I would rather say that all the "issues", which I faced with are the lack of functionalities, which I have written into the article.

If you would describe here the problems, which you faced with I could add them into the article and that may be useful to the community.

Edward Rosario · ‎07-11-2023

@AttilaVarga

I have a table with a column, where field type = string, that contains personal information.
I Create a Data Privacy job and ran the job but once it completed you see that only a few fields are anonymized.

Looking at this doc, looks like string field types are supported, so I assume all the fields should be anonymized, but they are not

https://docs.servicenow.com/bundle/utah-platform-security/page/administer/security/reference/data-pr...

DiogoCosta · ‎08-21-2023

@AttilaVarga @Edward Rosario should this work in a PDI? I've scheduled jobs but they don't run at the time I set in the "Start time" field...

Edward Rosario · ‎08-21-2023

Yes, I started in my PDI. Make sure you have a privacy technique configuration set up

DiogoCosta · ‎08-22-2023

@Edward Rosario eventually it did ran, but definitely not at the time I had scheduled. It is a bit weird, but manageable I guess.

AttilaVarga · ‎08-22-2023

Hi @DiogoCosta,

Please check the time zone settings, it can be also the problem.

AttilaVarga · ‎08-22-2023

@DiogoCosta, I have scheduled a new Data Privacy Job in my PDI, then I checked the record in the sys_trigger table. Please take a look at the image below:

You can see that the Scheduled job record is created and the value of Next action is the same, which is set in the Privacy Job record.
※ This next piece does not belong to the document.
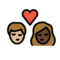 Kuss: Person, Person, Mittelhelle Hautfarbe, Dunkle Hautfarbe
Please take a look at the times in your PDI.

ncorbin003 · ‎01-19-2024

Is there a way to make the data privacy job run daily?

AttilaVarga · ‎01-19-2024

Hi @ncorbin003,

As far as I know this is not possible currently.
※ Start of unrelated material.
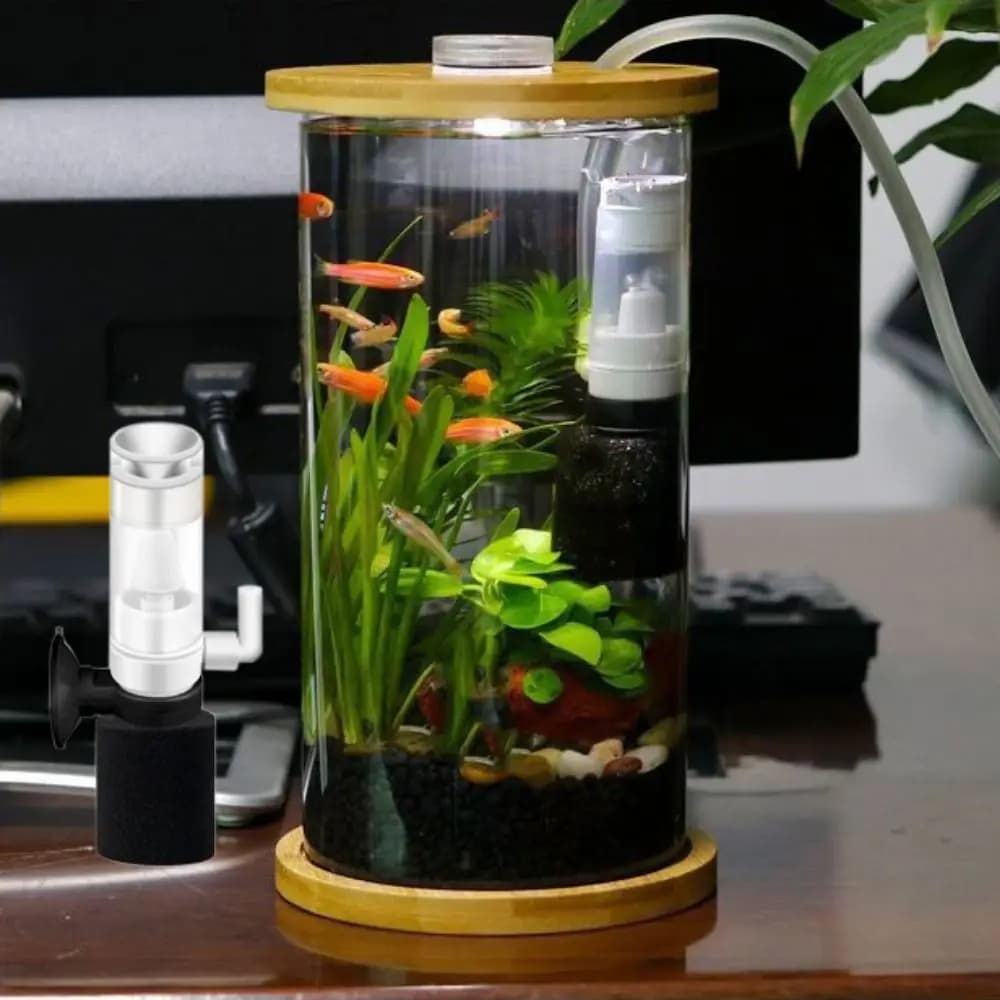 Purifier Small Aquarium Media Filter Multi Layer Filter Ultra-quiet Fish Tank Filter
V V Satyanaray1 · ‎02-14-2025

@AttilaVarga Thanks for this!!

I have a doubt it is possible to mask only the PII or sensitive data which is present in the incident description which includes other statements as well?

Just like the real time anonymization, where it can be detected by patterns and can be masked. Where as the data which is already existing in tables uses anonymization techniques to mask PII data.
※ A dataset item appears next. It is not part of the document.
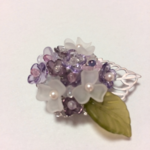 紫陽花の帯留め
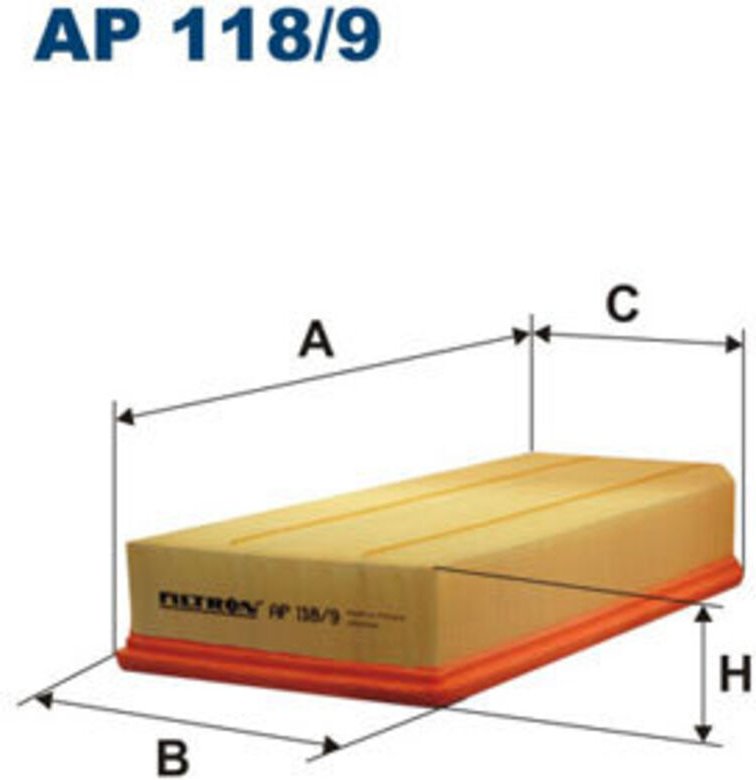 Thumbnail - Luftfilter Ap1189 Filtron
can we do the same for the existing data as well?

andrewrouch · ‎04-21-2025

Can this be distinguished between anonymizing data as part of cloning prod into sub-prod instance and anonymizing data in the production instance itself?

We are facing into situations where users are entering data into production records that we don't allow by design. While I understand Sensitive Data Handling is being extended to check data is being entered into forms, we still need to search for and anonymize data that has already been stored.

AttilaVarga · ‎05-21-2025

Hi @andrewrouch,

Yes it is possible.

There is a new policy type in the latest version of Data Privacy, called Real time data:

I think you can use this for the purpose, which you mentioned.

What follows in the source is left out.